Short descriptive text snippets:
►

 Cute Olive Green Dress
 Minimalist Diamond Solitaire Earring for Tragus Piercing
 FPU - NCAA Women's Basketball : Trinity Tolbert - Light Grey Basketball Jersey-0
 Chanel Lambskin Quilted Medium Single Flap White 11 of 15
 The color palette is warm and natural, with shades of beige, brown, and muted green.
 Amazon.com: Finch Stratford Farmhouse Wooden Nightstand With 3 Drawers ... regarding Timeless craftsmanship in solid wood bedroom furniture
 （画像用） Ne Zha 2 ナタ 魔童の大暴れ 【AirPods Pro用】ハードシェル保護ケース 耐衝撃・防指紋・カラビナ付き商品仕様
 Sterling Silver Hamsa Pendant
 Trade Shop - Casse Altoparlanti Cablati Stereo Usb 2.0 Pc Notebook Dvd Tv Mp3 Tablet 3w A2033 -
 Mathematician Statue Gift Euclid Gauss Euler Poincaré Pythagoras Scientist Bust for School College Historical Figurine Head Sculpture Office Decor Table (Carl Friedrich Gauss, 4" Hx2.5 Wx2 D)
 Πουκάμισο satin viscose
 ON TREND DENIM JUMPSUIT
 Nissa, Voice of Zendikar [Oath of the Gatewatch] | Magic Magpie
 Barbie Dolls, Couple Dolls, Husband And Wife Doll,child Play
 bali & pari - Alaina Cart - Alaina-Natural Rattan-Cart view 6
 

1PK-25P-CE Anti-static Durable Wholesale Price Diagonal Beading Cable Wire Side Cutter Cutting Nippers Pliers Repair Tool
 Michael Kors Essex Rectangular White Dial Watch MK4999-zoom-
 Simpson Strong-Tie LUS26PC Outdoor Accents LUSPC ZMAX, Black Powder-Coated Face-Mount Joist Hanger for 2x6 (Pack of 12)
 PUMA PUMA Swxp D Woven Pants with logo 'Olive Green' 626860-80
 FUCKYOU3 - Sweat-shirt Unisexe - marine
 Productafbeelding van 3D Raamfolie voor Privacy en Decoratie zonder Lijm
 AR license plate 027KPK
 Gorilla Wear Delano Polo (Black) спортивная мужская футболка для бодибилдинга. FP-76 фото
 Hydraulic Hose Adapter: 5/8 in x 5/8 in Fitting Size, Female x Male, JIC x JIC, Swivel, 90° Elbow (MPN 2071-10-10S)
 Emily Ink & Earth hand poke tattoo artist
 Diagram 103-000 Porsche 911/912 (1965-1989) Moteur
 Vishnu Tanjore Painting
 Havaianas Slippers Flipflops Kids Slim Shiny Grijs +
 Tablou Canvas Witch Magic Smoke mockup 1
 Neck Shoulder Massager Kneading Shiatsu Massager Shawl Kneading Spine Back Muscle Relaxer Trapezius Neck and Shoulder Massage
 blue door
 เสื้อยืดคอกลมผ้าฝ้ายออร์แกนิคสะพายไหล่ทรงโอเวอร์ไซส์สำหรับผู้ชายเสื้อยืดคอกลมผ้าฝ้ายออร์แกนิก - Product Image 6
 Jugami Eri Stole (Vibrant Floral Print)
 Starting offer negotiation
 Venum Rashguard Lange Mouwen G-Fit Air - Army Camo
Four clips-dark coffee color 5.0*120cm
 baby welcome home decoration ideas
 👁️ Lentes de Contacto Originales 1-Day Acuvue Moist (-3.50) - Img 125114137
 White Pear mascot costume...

◄

In full and without changes, give the data above once more.

 Cute Olive Green Dress
 Minimalist Diamond Solitaire Earring for Tragus Piercing
 FPU - NCAA Women's Basketball : Trinity Tolbert - Light Grey Basketball Jersey-0
 Chanel Lambskin Quilted Medium Single Flap White 11 of 15
 The color palette is warm and natural, with shades of beige, brown, and muted green.
 Amazon.com: Finch Stratford Farmhouse Wooden Nightstand With 3 Drawers ... regarding Timeless craftsmanship in solid wood bedroom furniture
 （画像用） Ne Zha 2 ナタ 魔童の大暴れ 【AirPods Pro用】ハードシェル保護ケース 耐衝撃・防指紋・カラビナ付き商品仕様
 Sterling Silver Hamsa Pendant
 Trade Shop - Casse Altoparlanti Cablati Stereo Usb 2.0 Pc Notebook Dvd Tv Mp3 Tablet 3w A2033 -
 Mathematician Statue Gift Euclid Gauss Euler Poincaré Pythagoras Scientist Bust for School College Historical Figurine Head Sculpture Office Decor Table (Carl Friedrich Gauss, 4" Hx2.5 Wx2 D)
 Πουκάμισο satin viscose
 ON TREND DENIM JUMPSUIT
 Nissa, Voice of Zendikar [Oath of the Gatewatch] | Magic Magpie
 Barbie Dolls, Couple Dolls, Husband And Wife Doll,child Play
 bali & pari - Alaina Cart - Alaina-Natural Rattan-Cart view 6
 

1PK-25P-CE Anti-static Durable Wholesale Price Diagonal Beading Cable Wire Side Cutter Cutting Nippers Pliers Repair Tool
 Michael Kors Essex Rectangular White Dial Watch MK4999-zoom-
 Simpson Strong-Tie LUS26PC Outdoor Accents LUSPC ZMAX, Black Powder-Coated Face-Mount Joist Hanger for 2x6 (Pack of 12)
 PUMA PUMA Swxp D Woven Pants with logo 'Olive Green' 626860-80
 FUCKYOU3 - Sweat-shirt Unisexe - marine
 Productafbeelding van 3D Raamfolie voor Privacy en Decoratie zonder Lijm
 AR license plate 027KPK
 Gorilla Wear Delano Polo (Black) спортивная мужская футболка для бодибилдинга. FP-76 фото
 Hydraulic Hose Adapter: 5/8 in x 5/8 in Fitting Size, Female x Male, JIC x JIC, Swivel, 90° Elbow (MPN 2071-10-10S)
 Emily Ink & Earth hand poke tattoo artist
 Diagram 103-000 Porsche 911/912 (1965-1989) Moteur
 Vishnu Tanjore Painting
 Havaianas Slippers Flipflops Kids Slim Shiny Grijs +
 Tablou Canvas Witch Magic Smoke mockup 1
 Neck Shoulder Massager Kneading Shiatsu Massager Shawl Kneading Spine Back Muscle Relaxer Trapezius Neck and Shoulder Massage
 blue door
 เสื้อยืดคอกลมผ้าฝ้ายออร์แกนิคสะพายไหล่ทรงโอเวอร์ไซส์สำหรับผู้ชายเสื้อยืดคอกลมผ้าฝ้ายออร์แกนิก - Product Image 6
 Jugami Eri Stole (Vibrant Floral Print)
 Starting offer negotiation
 Venum Rashguard Lange Mouwen G-Fit Air - Army Camo
Four clips-dark coffee color 5.0*120cm
 baby welcome home decoration ideas
 👁️ Lentes de Contacto Originales 1-Day Acuvue Moist (-3.50) - Img 125114137
 White Pear mascot costume...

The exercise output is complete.